The testimonios are all from persons who have, over the past 10-15 years, spent time in the cities of Nogales, Arizona or – just across the border – Nogales, Sonora, Mexico, home of the Kino Border Initiative, a migrant advocacy organization. Some migrants traveled from Guatemala, Honduras, El Salvador, or farther south and were in limbo, waiting for the right time to cross into the US. Others were sent to this Mexican town from the US, deported after a few days or many years of living here. The book is organized around eleven different themes, including wealth inequality, organized crime, gender violence, family separation, governmental abuse and corruption, and migrant criminalization and deportation. Every chapter opens with some contextual information related to the theme and then gives the testimonio of two or three persons.

In each testimonio, the reader encounters a variant of the same paradoxical circumstance, in which the speaker had come to the conclusion that the best and safest option was to leave home, livelihood, and family and traverse hundreds of miles, subjecting themselves to risk of extortion, robbery, or sexual assault. From our perspective, this is unfathomable. Yet, each story shows that, indeed, it is the perfectly logical choice. In a haunting and – sadly – typical testimonio, Julieta Payán Urías shares about her childhood in Mexico City, writing that her children’s father began stalking her at 12 and repeatedly sexually assaulting her throughout her teenage years. Héctor Arturo, a father of two and a deep-sea fisherman from El Salvador, writes about being forced to give fish to local gangs, until such a point as he could no longer feed his own children. Upon refusing to give them any more, they beat him with an aluminum bat. They hunted him across the country until he fled to Mexico, alone.

The testimonios are not just about the circumstances that forced them to flee their home but also their encounters with gangs, cartels, and law enforcement during their journey.

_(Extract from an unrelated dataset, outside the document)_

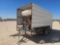 2017 BIG TEX 16 FT T/A PORTA-COOL UTILITY TRAILER VIN: 16VPX1625G2003388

Rogelio Heriberto Montes de Ruiz shares about his encounter with US immigration officers upon jumping the border wall at Nogales: “One of them told me to put my hands on my head. I obeyed him. But just then, another one of them coming from a different direction ran at me and gave me a knee in the ribs on my right side…He knocked me to the ground with that knee. I couldn’t breathe” (p111).

Reckoning with such suffering, the reader is tempted to fall back on some variant of legalism (“why don’t they come here legally?”) or nationalism (“countries have borders for a reason”). And yet, these excuses fall short. These people have the legal right to have their asylum case heard without being treated as criminals. And an appeal to nationalism fails to recognize that US military and counterintelligence activities and US corporate expansion in these Central American countries have contributed or even directly led to the problems they are facing today (see Chapter 2 for more details). There are no easy responses here, and this book doesn’t purport to offer any. Rather, it seeks to illuminate and educate. As its penultimate sentence states, “[p]eople need to better understand the situation of those migrating, being deported, or seeking asylum in order to envision a world in which all people enjoy greater opportunity” (p197).